Delays time to first bone mets for patients with high-risk castration-resistant prostate cancer
WEDNESDAY, Nov. 16 (HealthDay News) -- For men with high-risk castration-resistant prostate cancer, treatment with a fully human anti-receptor activator of nuclear factor kappa-B ligand (RANKL) monoclonal antibody, denosumab, significantly improves bone-metastasis-free survival, according to a study published online Nov. 16 in The Lancet.
Matthew R. Smith, M.D., from Massachusetts General Hospital Cancer Center in Boston, and colleagues assessed the effects of denosumab on the prevention of bone metastasis or death in men with non-metastatic castration-resistant prostate cancer, at high risk of bone metastasis. A total of 1,432 participants were randomly allocated in a 1:1 ratio to receive subcutaneous denosumab 120 mg or subcutaneous placebo every four weeks. Bone-metastasis-free survival, determined by time to first occurrence of bone metastasis, or any-cause death was the primary end point.

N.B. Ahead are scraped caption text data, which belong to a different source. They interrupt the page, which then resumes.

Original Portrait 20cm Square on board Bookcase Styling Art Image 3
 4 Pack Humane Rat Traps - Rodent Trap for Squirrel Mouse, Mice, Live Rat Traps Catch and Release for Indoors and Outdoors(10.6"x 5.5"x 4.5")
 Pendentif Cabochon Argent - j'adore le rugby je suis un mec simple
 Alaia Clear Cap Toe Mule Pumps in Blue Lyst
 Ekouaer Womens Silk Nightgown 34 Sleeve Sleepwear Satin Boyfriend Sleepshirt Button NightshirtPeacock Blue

The investigators found that, compared to the placebo group, bone-metastasis-free survival was significantly increased in the denosumab group (29.5 versus 25.2 months; hazard ratio [HR], 0.85). The time to first bone metastasis was significantly delayed in the denosumab group (33.2 versus 29.5 months; HR, 0.84). The two groups did not differ in terms of overall survival (P = 0.91). Similar rates of adverse and serious adverse events were seen in both groups, except for osteonecrosis of the jaw and hypocalcemia, which occurred in more patients treated with denosumab than placebo.
"Our finding that denosumab increases bone-metastasis-free survival provides clinical evidence for the important role of the bone microenvironment and RANKL signaling in development of bone metastases in men with prostate cancer," the authors write.
Several authors disclosed financial relationships with pharmaceutical companies, including Amgen Inc., which funded the study and manufactures denosumab.